Work to complete —
Could you return all of the entries below exactly, minus the pictures?

Data section —
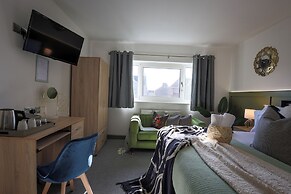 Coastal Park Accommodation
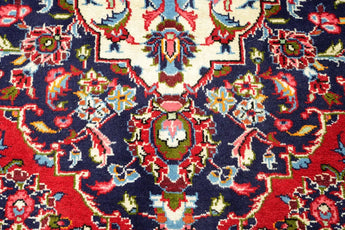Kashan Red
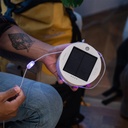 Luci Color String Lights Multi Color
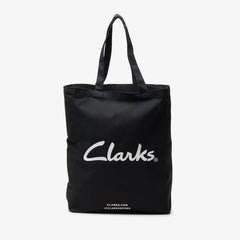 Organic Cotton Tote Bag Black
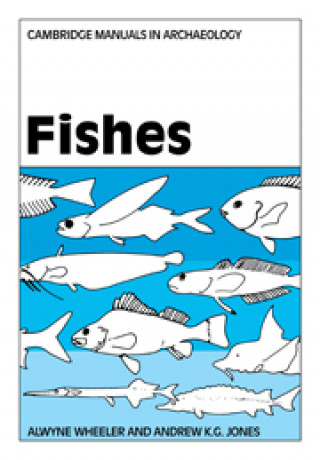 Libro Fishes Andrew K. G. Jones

Written answer —
 Coastal Park Accommodation
Kashan Red
 Luci Color String Lights Multi Color
 Organic Cotton Tote Bag Black
 Libro Fishes Andrew K. G. Jones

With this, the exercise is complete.